COLUMBIA, S.C. (AP) — Minnesota Gov. Tim Walz and Ohio Sen. JD Vance have agreed to debate each other on Oct. 1, setting up a matchup of potential vice presidents as early voting in some states gets underway for the general election.

CBS News on Wednesday posted on its X feed that the network had invited both Vance and Walz to debate in New York City, presenting four possible dates — Sept. 17, Sept. 24, Oct. 1 and Oct. 8 — as options.

Walz reposted that message from his own campaign account, “See you on October 1, JD.” The Harris-Walz campaign followed up with a message of its own, saying Walz “looks forward to debating JD Vance — if he shows up.”

Vance posted on X that he would accept the Oct. 1 invitation. He also challenged Walz to meet on Sept. 18.

Republican vice presidential nominee Sen. JD Vance, R-Ohio speaks at a campaign event, Wednesday, Aug. 14, 2024, in Byron Center, Mich. (AP Photo/Carlos Osorio)
Republican vice presidential nominee Sen. JD Vance, R-Ohio speaks at a campaign event, Wednesday, Aug. 14, 2024, in Byron Center, Mich. (AP Photo/Carlos Osorio)
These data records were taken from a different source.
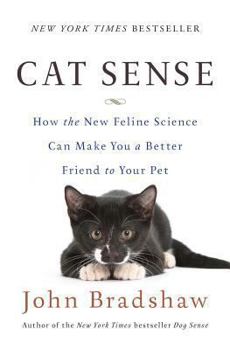 Hardcover Cat Sense: How the New Feline Science Can Make You a Better Friend to Your Pet Book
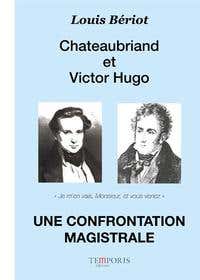 Chateaubriand et Victor Hugo. Une Confrontation Magistrale ("je M'en Vais, Monsieur, et Vous Venez")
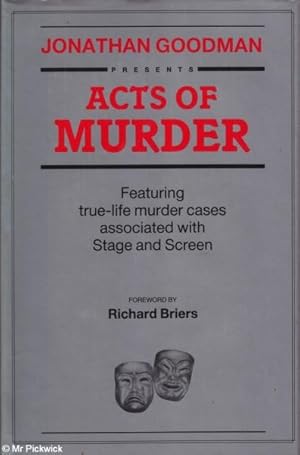 Acts of Murder Featuring true-life murder cases associated with stage and screen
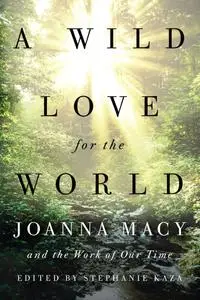 A Wild Love for the World: Joanna Macy and the Work of Our Time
Officials with the Kamala Harris-Walz campaign did not immediately return a message seeking comment on Vance’s acceptance of the earlier debate that he said would be on CNN or whether Walz would participate in that one as well.

Representatives for CNN confirmed that Vance had accepted the network’s debate invitation.

“CBS Evening News” anchor Norah O’Donnell and Margaret Brennan of “Face the Nation” will moderate the Oct. 1 debate, according to the network.

Whether or not Walz and Vance would debate before the Nov. 5 general election had been in question. In just the past several weeks, President Joe Biden left the campaign and Democrats selected Harris to lead their ticket.

Vance has largely kept his focus trained on Harris, whom he would have been set to debate before Biden’s departure from the race. Vance has lobbed critiques against Walz, including questioning the retired Army National Guardsman’s service record.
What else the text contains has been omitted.